» **WHAT IS NEEDED**:
Could every line of the data be printed exactly as it reads?

» **SOURCE DATA**:
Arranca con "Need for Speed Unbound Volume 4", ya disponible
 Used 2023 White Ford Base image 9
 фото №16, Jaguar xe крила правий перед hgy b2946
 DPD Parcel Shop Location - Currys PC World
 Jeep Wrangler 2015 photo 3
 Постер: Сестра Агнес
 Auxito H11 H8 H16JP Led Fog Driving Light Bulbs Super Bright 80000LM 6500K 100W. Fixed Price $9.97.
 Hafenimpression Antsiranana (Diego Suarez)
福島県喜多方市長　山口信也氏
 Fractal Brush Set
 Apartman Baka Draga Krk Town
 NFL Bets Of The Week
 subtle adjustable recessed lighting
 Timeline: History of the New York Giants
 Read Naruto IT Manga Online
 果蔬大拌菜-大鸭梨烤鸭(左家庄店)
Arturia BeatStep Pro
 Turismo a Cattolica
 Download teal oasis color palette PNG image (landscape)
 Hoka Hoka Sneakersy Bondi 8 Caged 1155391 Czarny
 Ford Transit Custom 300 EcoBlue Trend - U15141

» **TASK RESPONSE**:
Arranca con "Need for Speed Unbound Volume 4", ya disponible
 Used 2023 White Ford Base image 9
 фото №16, Jaguar xe крила правий перед hgy b2946
 DPD Parcel Shop Location - Currys PC World
 Jeep Wrangler 2015 photo 3
 Постер: Сестра Агнес
 Auxito H11 H8 H16JP Led Fog Driving Light Bulbs Super Bright 80000LM 6500K 100W. Fixed Price $9.97.
 Hafenimpression Antsiranana (Diego Suarez)
福島県喜多方市長　山口信也氏
 Fractal Brush Set
 Apartman Baka Draga Krk Town
 NFL Bets Of The Week
 subtle adjustable recessed lighting
 Timeline: History of the New York Giants
 Read Naruto IT Manga Online
 果蔬大拌菜-大鸭梨烤鸭(左家庄店)
Arturia BeatStep Pro
 Turismo a Cattolica
 Download teal oasis color palette PNG image (landscape)
 Hoka Hoka Sneakersy Bondi 8 Caged 1155391 Czarny
 Ford Transit Custom 300 EcoBlue Trend - U15141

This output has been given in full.